I believe that the simplest jumping-off point on a DevOps journey is to build some simple deployment pipelines from something like GitHub and GitHub Pages or Cloudflare Pages utilizing some scripting and git-flow to get used to the nuances that are required when diving more fully into DevOps. Once you have your baseline DevOps practice environment setup, you can then pivot into building good habits that enable customer satisfaction through quality, flow, and automation.
Training is a great way to gain practical technology experience in DevOps. Checkout the article linked below for more information about continuous learning. Something to keep in mind is that DevOps is more than just technology, it is a methodology used to efficiently deliver high quality and sustainable software.

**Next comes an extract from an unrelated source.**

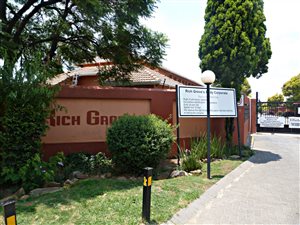 2 Bed Townhouse in Edenglen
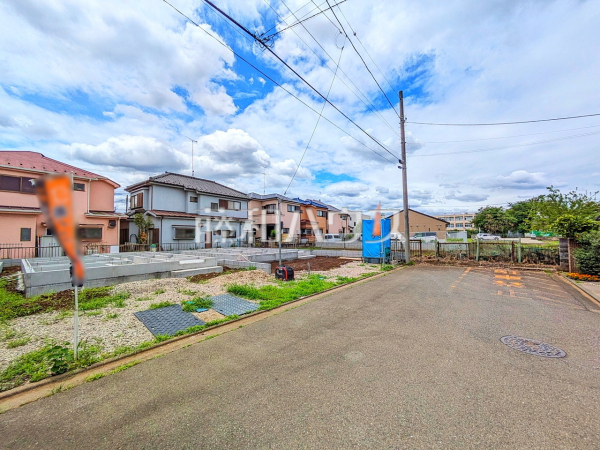 接道状況および現場風景 【武蔵村山市残堀5丁目】 接道状況および現場風景 【武蔵村山市残堀5丁目】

To accomplish this, you need a good foundation in planning, communication and technology.
Frequently Asked Questions
What is a DevOps Engineer?
A DevOps Engineer is an IT expert who facilitates collaboration between development and operations teams. Their role is to automate processes, manage infrastructure, and oversee continuous integration and deployment. This role accelerates the software development life cycle and streamlines code releases.
How Do I Become a DevOps Engineer?
To become a DevOps Engineer, you'll typically need a bachelor's degree in Computer Science or a related field. I personally don't take too much stock in degrees and I would focus on requisite experience with internet hosting. Gain experience with scripting, automation tools like Jenkins or Ansible, and cloud platforms like AWS or Azure. Acquiring certifications in DevOps and Agile methodologies can be advantageous. Practical experience, either through work or hands-on projects, is vital for mastering collaboration between development and operations teams.
How Do I Get Into DevOps?
Entering the field of DevOps generally involves a combination of education and practical experience. Start with a foundational knowledge in Computer Science or Software Engineering. Next, learn key DevOps tools for automation, continuous integration, and deployment, such as Jenkins, Docker, or Kubernetes. Familiarize yourself with cloud services like AWS or Azure. Lastly, practical experience—either through job roles or hands-on projects—is crucial. Certifications in DevOps can also bolster your profile.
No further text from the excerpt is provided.